Transcribe the entries below word for word, beginning at the line with "this 1280×720 image." and stopping after the line with "this 1020×768 image."; drop all pictures.

####################

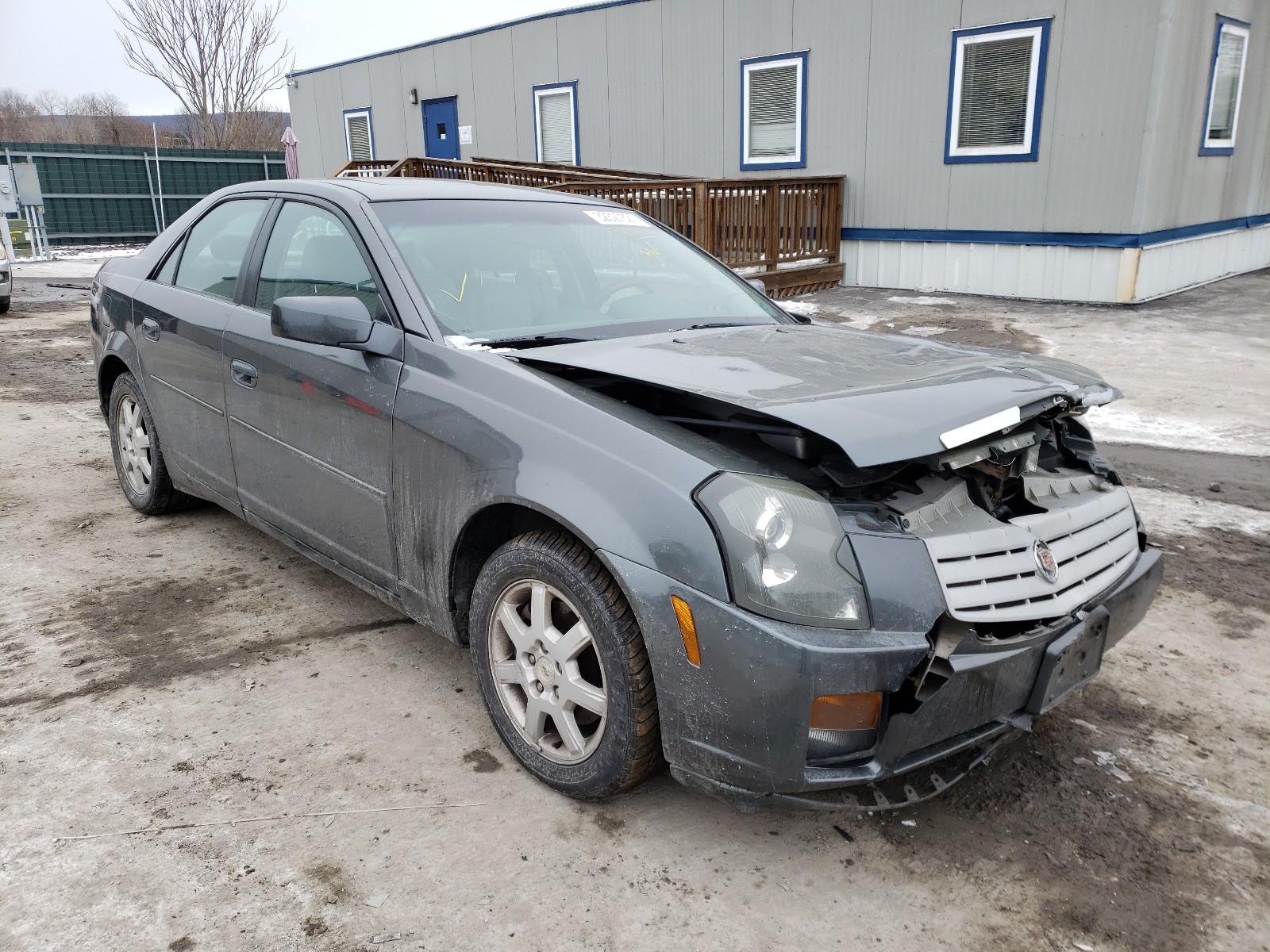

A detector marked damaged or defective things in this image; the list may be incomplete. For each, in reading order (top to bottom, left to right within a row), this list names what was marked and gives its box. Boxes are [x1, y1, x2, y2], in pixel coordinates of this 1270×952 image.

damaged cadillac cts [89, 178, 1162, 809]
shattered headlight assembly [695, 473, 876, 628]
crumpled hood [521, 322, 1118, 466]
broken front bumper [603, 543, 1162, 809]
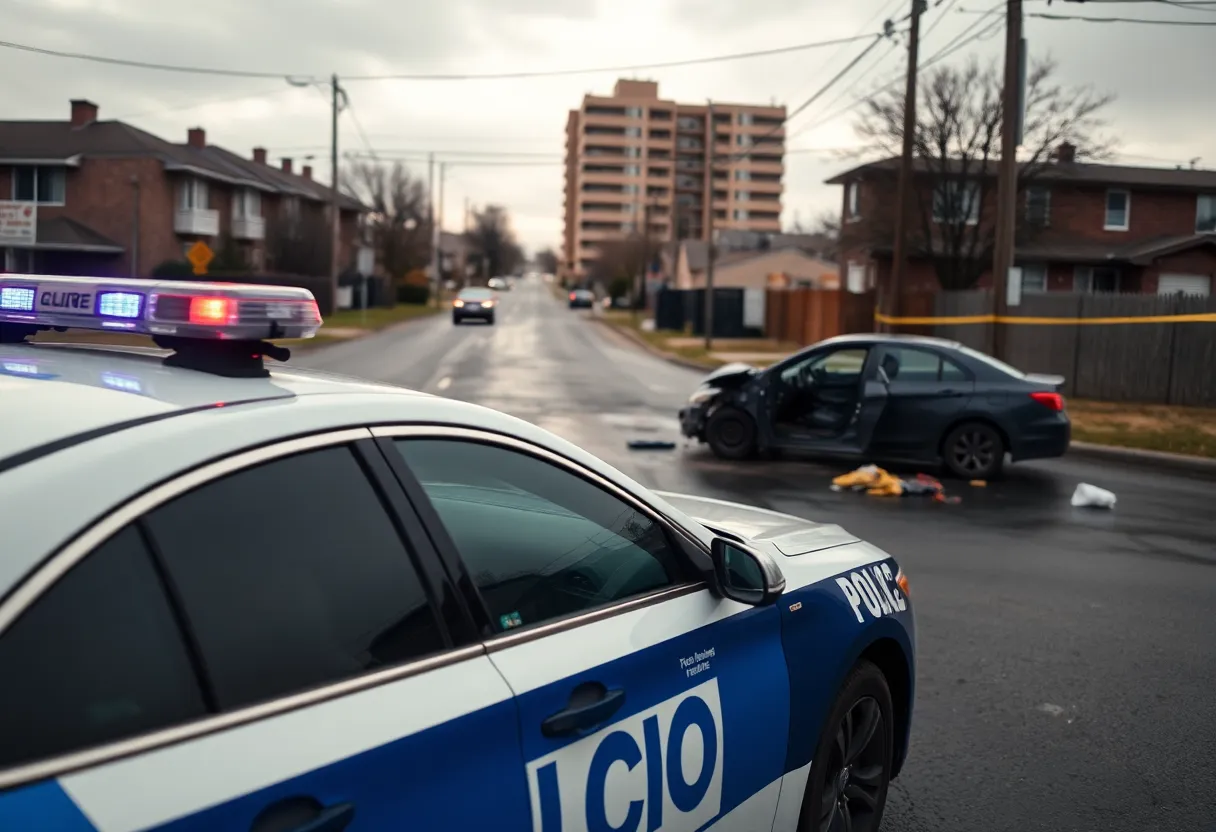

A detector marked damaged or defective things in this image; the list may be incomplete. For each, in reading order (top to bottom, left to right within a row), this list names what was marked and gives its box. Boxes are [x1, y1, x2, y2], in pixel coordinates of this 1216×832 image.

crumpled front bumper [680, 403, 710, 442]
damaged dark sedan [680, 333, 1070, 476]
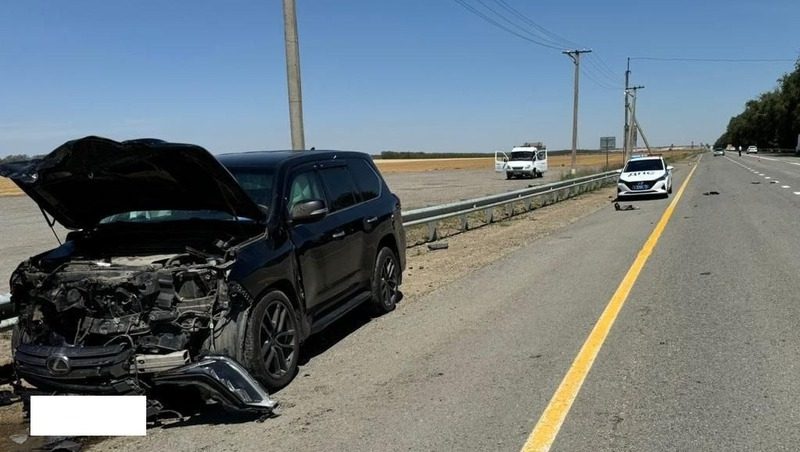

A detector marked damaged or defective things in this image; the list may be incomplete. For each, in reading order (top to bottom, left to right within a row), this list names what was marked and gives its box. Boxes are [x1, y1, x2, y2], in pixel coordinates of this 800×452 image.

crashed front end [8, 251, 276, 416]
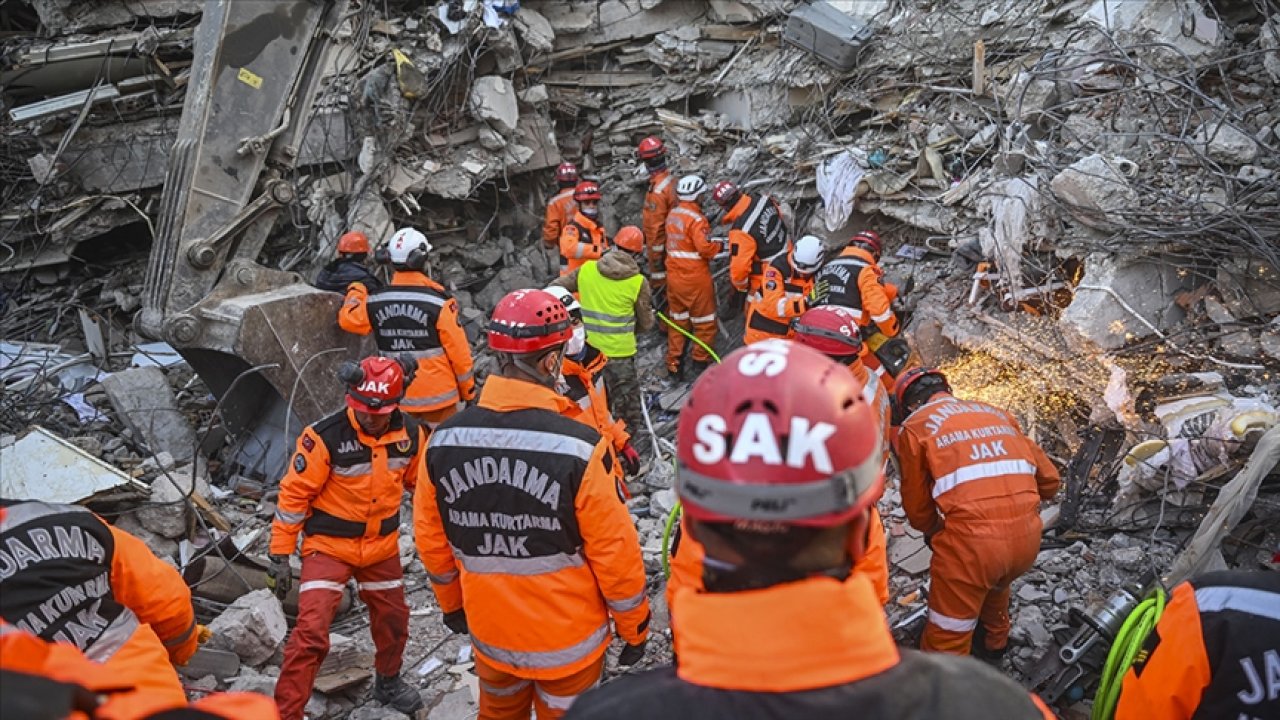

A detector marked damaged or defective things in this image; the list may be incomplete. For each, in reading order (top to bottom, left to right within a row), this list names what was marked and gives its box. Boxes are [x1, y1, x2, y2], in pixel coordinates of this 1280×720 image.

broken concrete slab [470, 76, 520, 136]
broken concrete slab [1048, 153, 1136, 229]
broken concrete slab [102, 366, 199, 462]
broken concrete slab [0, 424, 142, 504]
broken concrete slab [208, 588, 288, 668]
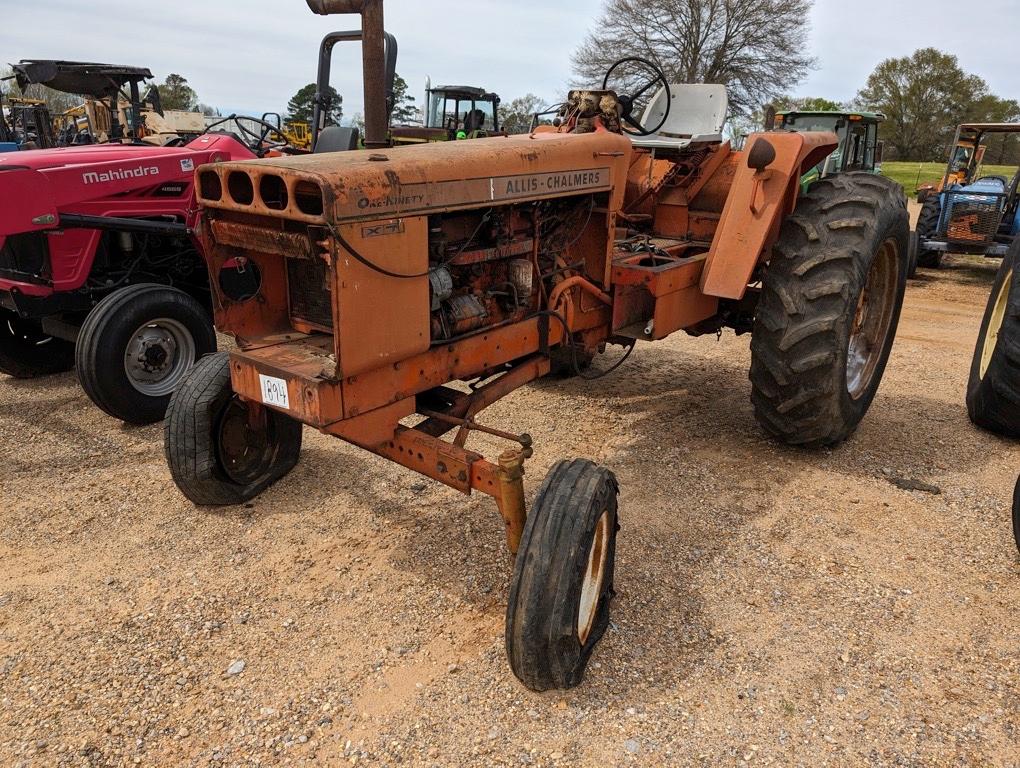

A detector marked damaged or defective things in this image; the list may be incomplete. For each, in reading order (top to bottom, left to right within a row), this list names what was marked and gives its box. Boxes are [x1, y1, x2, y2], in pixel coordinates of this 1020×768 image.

####################

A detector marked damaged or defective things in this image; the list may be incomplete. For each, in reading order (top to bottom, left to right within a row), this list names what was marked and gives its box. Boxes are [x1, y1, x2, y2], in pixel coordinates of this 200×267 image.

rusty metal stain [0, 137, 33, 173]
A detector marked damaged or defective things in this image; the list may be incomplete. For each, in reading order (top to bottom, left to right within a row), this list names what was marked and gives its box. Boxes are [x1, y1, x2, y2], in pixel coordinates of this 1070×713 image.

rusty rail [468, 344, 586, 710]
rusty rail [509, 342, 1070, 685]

####################

**Answer:**
A detector marked damaged or defective things in this image; the list may be incomplete. For each, in reading order (top to bottom, left to right within a row), this list names what was marked and gives its box. Boxes are [x1, y1, x2, y2], in pixel coordinates of this 1280×720 image.

broken concrete slab [470, 76, 520, 136]
broken concrete slab [1048, 153, 1136, 229]
broken concrete slab [102, 366, 199, 462]
broken concrete slab [0, 424, 142, 504]
broken concrete slab [208, 588, 288, 668]

A detector marked damaged or defective things in this image; the list may be incomplete. For each, in reading order (top to bottom, left to right within a row), this list names what was marked and gives its box. Boxes are [x1, y1, x2, y2], in pixel coordinates of this 1020×768 image.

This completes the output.